Deep Diving into Conditional Variational Auto-encoders

23-08-2025

Conditional Variational Autoencoders (or CVAEs for short) are a really powerful and creative tool in AI. To really get to the heart of how they work, it's helpful to understand Autoencoder (AE) first. We’ll then move to Variational Autoencoders (VAEs), which are themselves a special version of the basic AutoEncoder.

At its core, an Autoencoder is a type of neural network that learns to do two things:

Encode: Compress data into a smaller representation.
Decode: Reconstruct the original data from that compressed version.

The Encoder takes the input (e.g., a high-resolution image) and compresses it down to a low-dimensional "summary." This compressed summary is called the bottleneck or latent space.
The Decoder takes this compressed summary and tries to reconstruct the original image.

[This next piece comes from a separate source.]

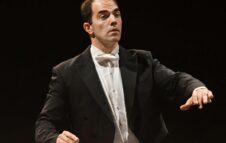 Rani Calderon dirige l'Orchestra del Teatro Regio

The entire network is trained by comparing the final output to the original input. The goal is to make the reconstruction as close to the original as possible. The bottleneck is intentionally small, the autoencoder is forced to learn the most essential and distinctive features of the data and throw away the non-essential "noise."

An input image of a '7' is made of 784 pixels (a 28x28 grid). The encoder might be forced to compress this down to, say, just 32 numbers. To do this successfully, it can't memorize the pixels. It has to learn the abstract idea of a '7': "a horizontal line at the top connected to a diagonal line going down." The specific thickness of the line or the exact angle are noise it learns to ignore. So, a well-trained AE gives us a powerful feature extractor. The compressed representation in the latent space is a rich, meaningful summary of the input.

While the AE's latent space is great for compressing data it has seen, it's not good for generating new data. The space is often disjointed and uneven. The cluster of points representing '1's might be far away from the cluster for '8's, with empty, meaningless gaps in between. If we were to just pick a random point from one of those empty gaps and feed it to the decoder, it would have no idea what to do. The output would likely be a blurry, unrecognizable blob. Can we organize this latent space so that it's smooth and continuous, allowing us to pick any point and generate a plausible new image? This is exactly the problem that a Variational Autoencoder (VAE) is designed to solve.

Awesome. Let's dive into the clever solution offered by the Variational Autoencoder (VAE).

A VAE introduces a brilliant twist to solve the "empty gaps" problem in the latent space. Instead of the encoder outputting a single, precise point (a vector), it outputs the parameters of a probability distribution. Typically, this is a simple Gaussian (or normal) distribution. So, for any given input image, the encoder outputs two things:

A mean vector (μ)
A log-variance vector $(log(\sigma^2))$

These two vectors define a "fuzzy" region or a cloud of possible points in the latent space. We then sample a point z (in our latent space) from this distribution and pass it to the decoder.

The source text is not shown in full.